◆ **Supplied material**
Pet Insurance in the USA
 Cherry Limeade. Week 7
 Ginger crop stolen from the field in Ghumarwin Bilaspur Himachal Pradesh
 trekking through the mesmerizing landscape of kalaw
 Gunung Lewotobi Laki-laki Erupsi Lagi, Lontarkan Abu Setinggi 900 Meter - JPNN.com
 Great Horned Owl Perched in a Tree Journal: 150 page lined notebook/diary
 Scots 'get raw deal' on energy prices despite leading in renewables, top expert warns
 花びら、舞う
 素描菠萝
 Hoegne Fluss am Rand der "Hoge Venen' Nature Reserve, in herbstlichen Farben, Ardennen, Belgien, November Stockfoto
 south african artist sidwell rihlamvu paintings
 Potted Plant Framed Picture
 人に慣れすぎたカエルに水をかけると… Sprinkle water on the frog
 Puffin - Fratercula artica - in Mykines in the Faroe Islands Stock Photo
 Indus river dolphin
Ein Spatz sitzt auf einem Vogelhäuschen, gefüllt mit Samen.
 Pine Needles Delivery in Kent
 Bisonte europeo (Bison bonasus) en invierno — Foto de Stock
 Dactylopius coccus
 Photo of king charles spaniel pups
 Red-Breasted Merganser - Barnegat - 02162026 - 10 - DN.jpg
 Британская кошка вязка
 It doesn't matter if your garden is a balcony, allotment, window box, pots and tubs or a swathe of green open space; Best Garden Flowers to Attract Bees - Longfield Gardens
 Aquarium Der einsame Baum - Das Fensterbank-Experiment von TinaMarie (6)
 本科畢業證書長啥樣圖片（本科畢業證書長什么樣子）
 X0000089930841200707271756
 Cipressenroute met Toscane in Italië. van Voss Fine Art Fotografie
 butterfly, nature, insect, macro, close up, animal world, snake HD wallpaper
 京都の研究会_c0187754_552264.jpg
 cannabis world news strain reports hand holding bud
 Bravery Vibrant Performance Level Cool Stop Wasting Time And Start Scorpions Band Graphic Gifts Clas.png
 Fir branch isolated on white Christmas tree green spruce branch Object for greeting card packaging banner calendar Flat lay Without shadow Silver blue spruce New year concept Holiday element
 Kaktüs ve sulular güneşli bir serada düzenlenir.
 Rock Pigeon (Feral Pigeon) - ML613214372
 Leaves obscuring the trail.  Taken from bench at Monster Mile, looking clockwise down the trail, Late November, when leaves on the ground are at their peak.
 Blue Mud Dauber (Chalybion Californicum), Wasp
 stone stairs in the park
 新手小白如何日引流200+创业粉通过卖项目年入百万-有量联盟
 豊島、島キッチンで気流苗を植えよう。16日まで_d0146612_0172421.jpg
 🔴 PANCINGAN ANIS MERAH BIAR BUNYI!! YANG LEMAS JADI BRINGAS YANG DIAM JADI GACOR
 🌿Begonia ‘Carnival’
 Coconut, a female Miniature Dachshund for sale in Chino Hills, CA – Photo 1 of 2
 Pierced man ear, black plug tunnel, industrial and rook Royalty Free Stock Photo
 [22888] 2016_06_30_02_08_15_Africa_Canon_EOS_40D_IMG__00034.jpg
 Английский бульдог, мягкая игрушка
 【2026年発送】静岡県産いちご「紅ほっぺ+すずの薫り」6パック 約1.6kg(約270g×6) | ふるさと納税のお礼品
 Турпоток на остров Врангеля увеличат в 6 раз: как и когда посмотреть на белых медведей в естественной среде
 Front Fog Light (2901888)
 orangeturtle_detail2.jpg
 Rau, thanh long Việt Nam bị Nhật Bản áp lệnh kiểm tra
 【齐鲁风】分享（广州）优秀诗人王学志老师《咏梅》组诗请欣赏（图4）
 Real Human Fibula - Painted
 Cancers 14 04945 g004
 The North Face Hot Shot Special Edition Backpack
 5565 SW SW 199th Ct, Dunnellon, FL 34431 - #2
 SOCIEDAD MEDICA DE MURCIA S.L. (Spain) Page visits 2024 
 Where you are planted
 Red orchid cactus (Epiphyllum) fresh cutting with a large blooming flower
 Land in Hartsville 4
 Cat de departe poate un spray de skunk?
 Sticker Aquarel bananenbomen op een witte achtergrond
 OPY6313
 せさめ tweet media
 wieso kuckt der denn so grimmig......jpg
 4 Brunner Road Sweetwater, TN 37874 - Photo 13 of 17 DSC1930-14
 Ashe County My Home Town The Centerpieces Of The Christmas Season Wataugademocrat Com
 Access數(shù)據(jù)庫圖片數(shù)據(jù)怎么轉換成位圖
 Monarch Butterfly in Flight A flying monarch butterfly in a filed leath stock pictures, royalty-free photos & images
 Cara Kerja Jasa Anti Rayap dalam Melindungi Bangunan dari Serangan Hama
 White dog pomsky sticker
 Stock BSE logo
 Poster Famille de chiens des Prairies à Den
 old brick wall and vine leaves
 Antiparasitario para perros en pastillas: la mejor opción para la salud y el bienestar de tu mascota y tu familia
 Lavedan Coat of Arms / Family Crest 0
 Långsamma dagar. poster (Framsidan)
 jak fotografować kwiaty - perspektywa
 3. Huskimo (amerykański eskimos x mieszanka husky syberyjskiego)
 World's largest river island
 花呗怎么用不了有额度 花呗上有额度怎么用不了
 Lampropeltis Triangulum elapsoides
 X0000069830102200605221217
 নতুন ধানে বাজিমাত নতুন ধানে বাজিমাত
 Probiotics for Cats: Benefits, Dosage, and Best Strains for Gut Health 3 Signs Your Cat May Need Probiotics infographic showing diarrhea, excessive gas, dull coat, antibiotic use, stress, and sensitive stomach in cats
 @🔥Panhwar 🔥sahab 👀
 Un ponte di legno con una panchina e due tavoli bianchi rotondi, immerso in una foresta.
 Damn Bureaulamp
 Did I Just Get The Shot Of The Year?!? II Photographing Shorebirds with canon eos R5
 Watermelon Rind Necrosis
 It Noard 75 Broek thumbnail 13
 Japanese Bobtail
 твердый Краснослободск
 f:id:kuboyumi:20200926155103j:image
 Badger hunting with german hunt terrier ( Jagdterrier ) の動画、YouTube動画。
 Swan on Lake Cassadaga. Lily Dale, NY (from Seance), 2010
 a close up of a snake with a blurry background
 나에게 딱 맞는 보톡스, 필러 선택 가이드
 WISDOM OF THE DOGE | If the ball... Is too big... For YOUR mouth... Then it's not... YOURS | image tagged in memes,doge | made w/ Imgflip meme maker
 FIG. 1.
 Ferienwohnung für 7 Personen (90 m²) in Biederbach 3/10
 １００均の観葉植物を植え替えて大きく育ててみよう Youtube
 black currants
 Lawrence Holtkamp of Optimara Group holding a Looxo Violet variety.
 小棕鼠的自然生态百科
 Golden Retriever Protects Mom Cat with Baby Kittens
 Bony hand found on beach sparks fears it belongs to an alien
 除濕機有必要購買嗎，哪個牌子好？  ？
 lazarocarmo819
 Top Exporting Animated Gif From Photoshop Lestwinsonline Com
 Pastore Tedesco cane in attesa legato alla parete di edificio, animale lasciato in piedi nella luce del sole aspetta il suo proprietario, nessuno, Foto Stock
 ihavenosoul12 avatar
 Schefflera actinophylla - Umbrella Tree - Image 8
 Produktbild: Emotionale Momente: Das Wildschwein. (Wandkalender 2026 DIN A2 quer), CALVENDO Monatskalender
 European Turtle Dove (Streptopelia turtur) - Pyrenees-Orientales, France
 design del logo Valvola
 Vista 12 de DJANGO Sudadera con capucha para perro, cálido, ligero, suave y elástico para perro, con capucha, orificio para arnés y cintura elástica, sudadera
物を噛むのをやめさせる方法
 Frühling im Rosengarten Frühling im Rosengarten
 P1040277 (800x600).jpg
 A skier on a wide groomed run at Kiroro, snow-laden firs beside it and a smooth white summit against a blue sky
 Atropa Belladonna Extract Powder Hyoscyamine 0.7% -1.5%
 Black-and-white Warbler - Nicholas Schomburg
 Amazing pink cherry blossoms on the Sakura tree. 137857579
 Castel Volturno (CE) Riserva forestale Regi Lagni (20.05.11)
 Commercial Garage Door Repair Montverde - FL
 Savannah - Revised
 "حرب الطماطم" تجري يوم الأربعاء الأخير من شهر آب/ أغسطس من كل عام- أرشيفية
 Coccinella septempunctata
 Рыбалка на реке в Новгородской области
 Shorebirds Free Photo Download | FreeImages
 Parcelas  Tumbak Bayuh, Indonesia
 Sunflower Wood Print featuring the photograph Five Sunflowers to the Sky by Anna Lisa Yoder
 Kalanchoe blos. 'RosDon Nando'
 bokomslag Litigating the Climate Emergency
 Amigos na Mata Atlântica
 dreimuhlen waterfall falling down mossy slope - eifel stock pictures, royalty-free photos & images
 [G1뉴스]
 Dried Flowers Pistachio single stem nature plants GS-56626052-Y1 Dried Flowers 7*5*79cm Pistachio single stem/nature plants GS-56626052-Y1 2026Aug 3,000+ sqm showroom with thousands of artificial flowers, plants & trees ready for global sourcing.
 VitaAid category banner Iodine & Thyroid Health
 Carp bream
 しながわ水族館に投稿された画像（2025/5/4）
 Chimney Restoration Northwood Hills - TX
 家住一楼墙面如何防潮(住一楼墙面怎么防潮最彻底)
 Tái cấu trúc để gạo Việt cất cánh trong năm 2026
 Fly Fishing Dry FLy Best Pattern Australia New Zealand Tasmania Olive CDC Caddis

◆ **Your instructions**
Return, from the data above, each line in which the string "Health" appears.

◆ **Response**
 Probiotics for Cats: Benefits, Dosage, and Best Strains for Gut Health 3 Signs Your Cat May Need Probiotics infographic showing diarrhea, excessive gas, dull coat, antibiotic use, stress, and sensitive stomach in cats
 VitaAid category banner Iodine & Thyroid Health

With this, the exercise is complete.